Die Autor*in ertappt eine*n schon mit den ersten Sätzen, da aufgezeigt wird, dass Radikale Zärtlichkeit aus einer Unzufriedenheit mit der Gesellschaft entstanden ist, die uns alle etwas angeht: „Dieses Buch gründet auf einem Unbehagen. Manchmal rumort es, manchmal tobt es. Mal klagt das Unbehagen, mal schweigt es. Doch es verschwindet nie.“ Şeyda Kurt hat ihre Gedanken zur Liebe, die sie schon lange Zeit beschäftigen, in ein Buch gepackt und die Themen dabei genial miteinander verknüpft und ja: Radikale Zärtlichkeit wird gebraucht, um weiterdenken zu können, um Beziehungskonzepte für sich selbst aufbrechen zu können und um neue, von gesellschaftlichen Erwartungen freie Formen der Liebe zu entdecken.
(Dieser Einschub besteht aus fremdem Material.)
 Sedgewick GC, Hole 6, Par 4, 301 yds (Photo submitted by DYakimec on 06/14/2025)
Kurt beginnt zunächst, Probleme in unserer Gesellschaft wie zum Beispiel die tradierten, heteronormativen Rollenverständnisse aufzuzeigen. Dabei nimmt sie persönliche Beispiele, wie die Liebesbeziehung und Trennung ihrer Eltern in den Fokus. Weiter kritisiert sie, wie die westlichen Philosophien den Blick auf Beziehungen formten und bis heute beeinflussen. So baut sie darauf ihre Argumentation auf, dass die Liebe neu gedacht werden muss: wie die Verwendung von Sprache die Gesellschaft dabei beeinflusst, wie problematisch unsere Beziehungskonzepte sind und wie wichtig Freund*innenschaft in einer kapitalistisch geprägten Gesellschaft ist.
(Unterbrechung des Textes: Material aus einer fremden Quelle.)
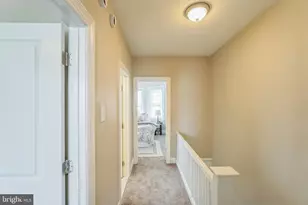 1915 W Airdrie St, Philadelphia, PA 19140 - Photo 14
Dieses Buch sollten alle lesen. Mehr noch: nicht nur lesen, sondern verinnerlichen, die Unordnung und das Unbehagen spüren und damit zusammen an einer neuen, gesellschaftlichen Zärtlichkeit arbeiten. Das Kapitel mit dem Titel „Das alternative Alphabet der Zärtlichkeit“ schafft es, durch und durch zu berühren. Şeyda Kurt hilft hier bei der Artikulation von Gefühlen und erschafft eine neue Sprache der Liebe und Achtsamkeit für Partner*innen.  So steht der Buchstabe J für ja: „Ich verstehe dein Ja zu unserer Beziehung, zu unserer Körperlichkeit nicht als absolutes Zugeständnis. Ich biete dir Möglichkeiten und Gelegenheiten des Austauschs, um dein Ja zurückzuziehen. Ich versuche mit deinem Ja so behutsam umzugehen wie mit einem Katzenbaby.“ Das „alternative Alphabet der Zärtlichkeit“ sollte immer wieder gelesen werden, wenn nicht sogar noch einmal mehr.

Wir brauchen eine Gesellschaft, die alle Konzepte der Liebe gleich feiert und zulässt. Wir brauchen mehr Raum und Akzeptanz für von der Heteronormativität abweichende Beziehungsmodelle. Wir brauchen mehr Medien, Filme, Musik, die nicht immer nur heterosexuelle Liebe besingen, und bespielen. Wir brauchen Konsensaufklärungen, die den Fokus auf ein „Ja“ legen und ein „Nein“ in seiner ganzen Ehrlichkeit akzeptieren. Wir brauchen radikale Änderungen und eine Zärtlichkeit, die so radikal sein muss, dass sie etwas verändert.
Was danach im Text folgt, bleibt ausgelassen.